|Year : 2015 | Volume
| Issue : 2 | Page : 87-90
Beneficial erythropoietic effects of recombinant human erythropoietin in very low-birth weight infants: A single-center randomized double-blinded placebo-controlled trial
Behnaz Basiri1, Maryam Shokouhi1, Nasrolah Pezeshki2, Saadat Torabian3
1 Department of Neonatology, Hamadan University of Medical Science, Hamadan, Iran
2 Department of Pediatrics, Hamadan University of Medical Science, Hamadan, Iran
3 Department of Social Medicine, Hamadan University of Medical Science, Hamadan, Iran
|Date of Web Publication||6-Apr-2015|
Dr. Behnaz Basiri
Department of Neonatology, NICU, Hamadan University of Medical Science, Fatemieh Hospital, Hamadan
Source of Support: None, Conflict of Interest: None
Purpose: Due to appearing serious a complication following repeated blood products transfusion in premature neonates, beneficial protective effects of recombinant human erythropoietin (rhEpo) is being widely investigated. The present study evaluated the effectiveness of rhEpo in preventing anemia of prematurity by assessment of the changes in serum erythropoiesis parameters in very low birth weight (VLBW) neonates. Materials and Methods: In a single-center randomized, double-blinded, placebo-controlled trial, 60 premature infants with birth weight <1500g who were born between 24 and 31 weeks of gestation admitted to the neonatal intensive care unit of Fatemieh Hospital in Hamadan were enrolled. The study medication (rhEpo or placebo) was randomly assigned to each patient. The rhEpo (250 U rhEpo/kg body weight at birth, equal to 1 mL solution/kg birth weight) and placebo drug solutions were indistinguishable. The study drug was administered 3 times weekly for 3 weeks. Results: Monitoring hemoglobin, hematocrit and reticulocyte count showed no relevant deviation from baseline to the 2 nd week of the study. However, there was relevant difference for these parameters between investigated patients who received rhEpo and the patients who received placebo during the 3 rd week of the medication. 16 (53.3%) in the intervention group and 20 (66.7%) in the control group required blood transfusion with an insignificant difference. No serious side-effects were observed in either the rhEpo or placebo group. Conclusion: Our study suggested that rhEpo is an effective drug for improving erythropoiesis parameters after 3 weeks of administration in VLBW infants regardless its effect on the need for blood transfusions.

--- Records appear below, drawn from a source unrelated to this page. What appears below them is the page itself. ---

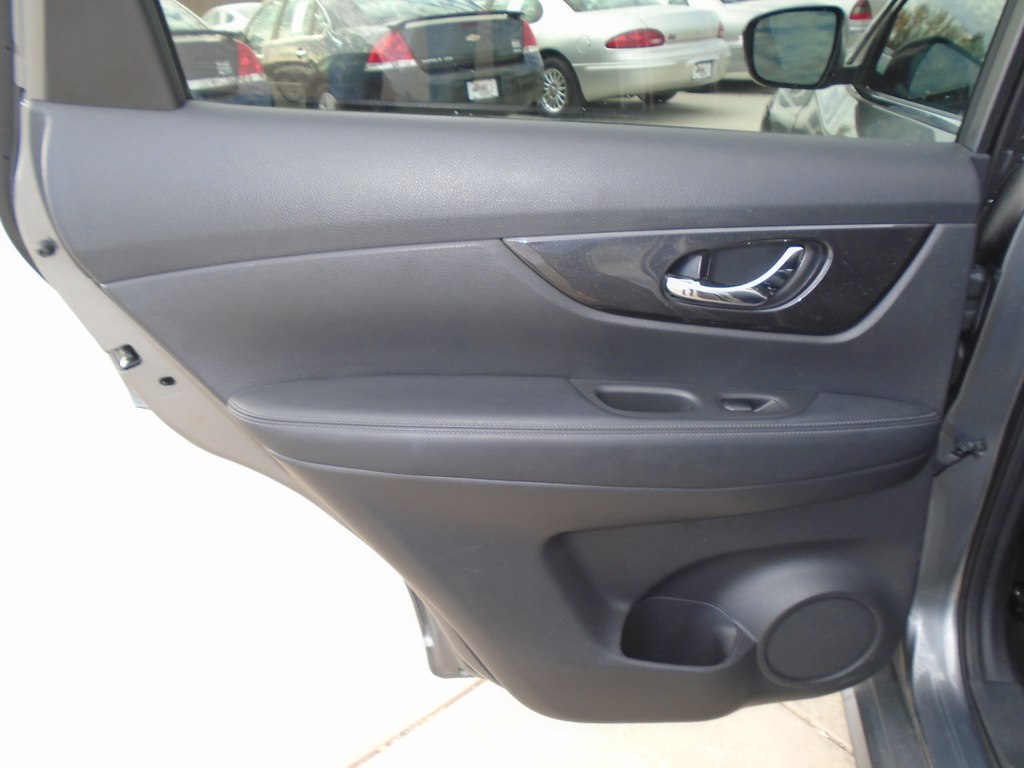 Photo 8 of this NISSAN ROGUE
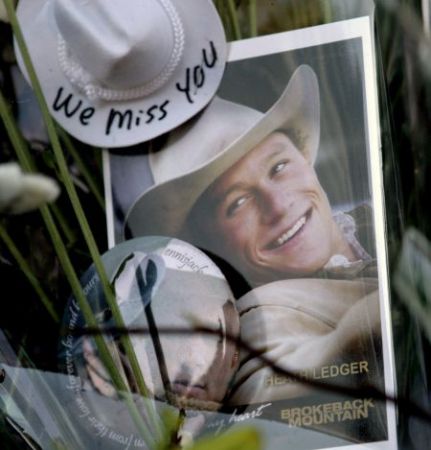 Sute de persoane la funeraliile lui Heath Ledger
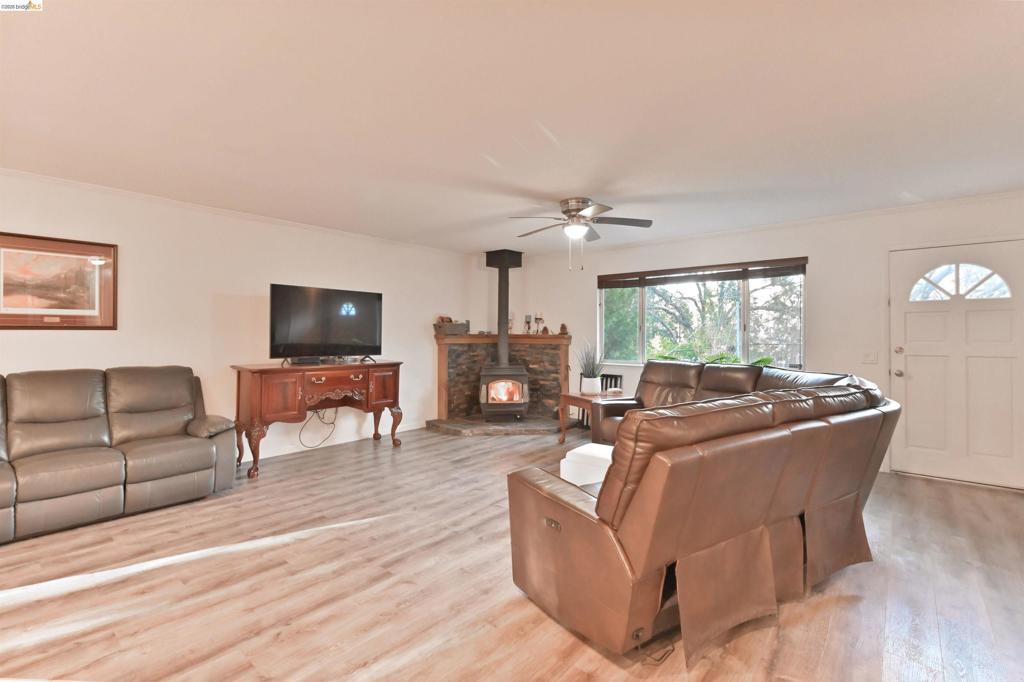 21410 Green Meadow Lane, Sonora, CA 95370
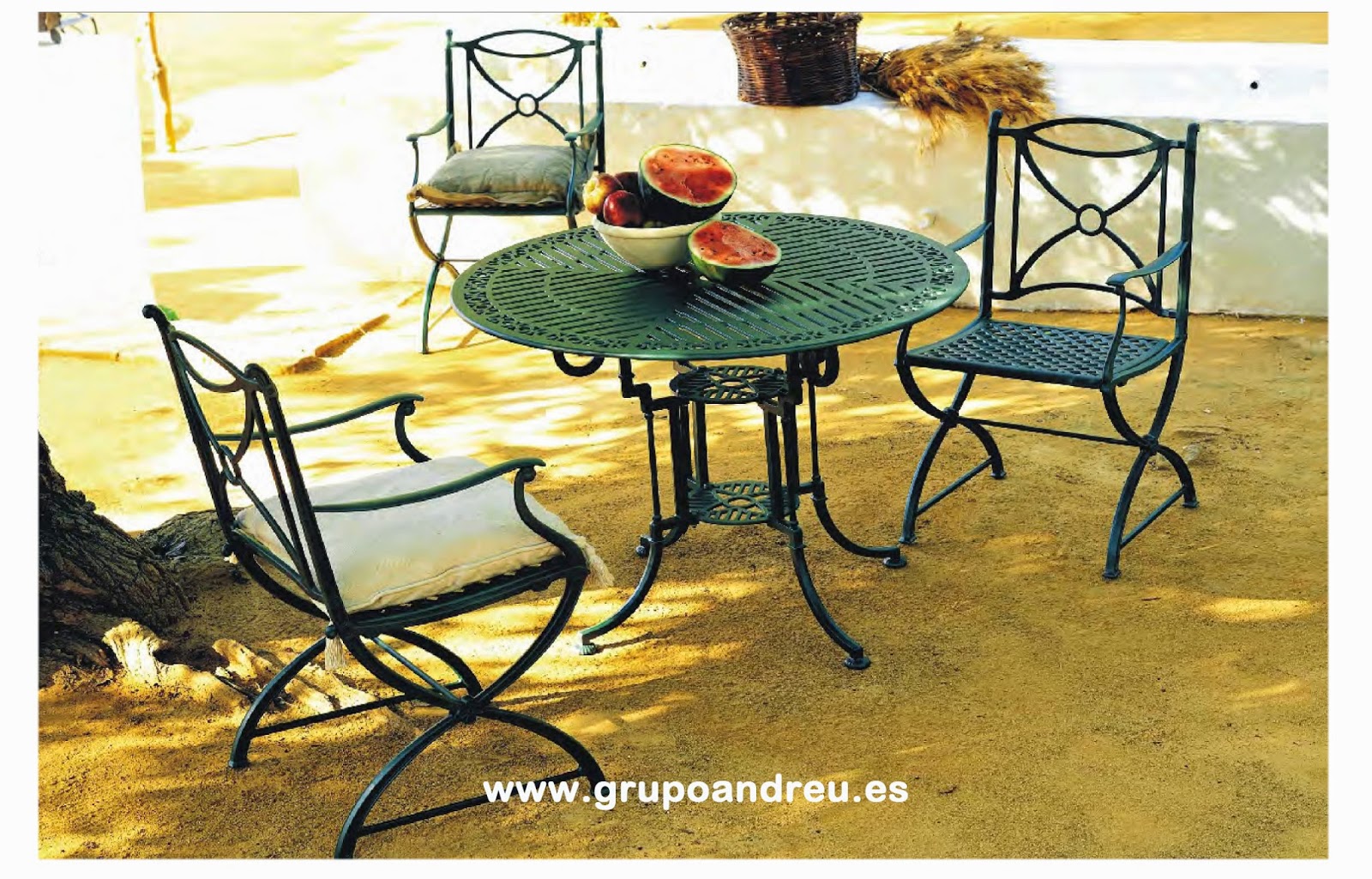 Alcaglas: Mobiliario para jardines, porches y terrazas.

Keywords: Anemia, clinical trial, erythropoietin, prematurity, neonate
|How to cite this article:|
Basiri B, Shokouhi M, Pezeshki N, Torabian S. Beneficial erythropoietic effects of recombinant human erythropoietin in very low-birth weight infants: A single-center randomized double-blinded placebo-controlled trial. J Clin Neonatol 2015;4:87-90
|How to cite this URL:|
Basiri B, Shokouhi M, Pezeshki N, Torabian S. Beneficial erythropoietic effects of recombinant human erythropoietin in very low-birth weight infants: A single-center randomized double-blinded placebo-controlled trial. J Clin Neonatol [serial online] 2015 [cited 2020 Apr 7];4:87-90. Available from: http://www.jcnonweb.com/text.asp?2015/4/2/87/154103
| Introduction|| |
Because of the expected declining hemoglobin level in premature infants during the 1 st weeks of life, therapeutic and curative approaches such as repeated blood transfusion in these infants are potentially considered.  Various investigations have linked this phenomenon in very low birth weight (VLBW) infants to reduced fetoplacental transfusion, decreased mean life of neonatal erythrocytes, excessive blood sampling for diagnostic tests, as well as erythropoietin releasing interruption.  This type of infantile anemia is associated with considerable low reticulocyte count and deficient erythropoietin production.  Despite important advances in the safety of blood transfusion and blood derivatives, concerns have been raised because of the appearance of serious complications such as infections after the use of these blood products. Recent efforts have focused on reducing use of these products and replacing with other appropriate and effective treatment regimens including recombinant human erythropoietin (rhEpo). ,,,, The beneficial protective effects of rhEpo have been most intensively investigated in experimental animal models and also in different clinical trials of adult humans. Furthermore, some studies on premature infants could show that the beginning course of rhEpo in VLBW infants within the 1 st weeks of life might has significant effects on preventing need to erythrocyte transfusions and its-related complications. ,,,
The present study aimed to evaluate the effectiveness of rhEpo therapy in preventing anemia of prematurity and its progression by assessment of the changes in erythropoiesis parameters such as hemoglobin, hematocrit and reticulocyte count in VLBW infants.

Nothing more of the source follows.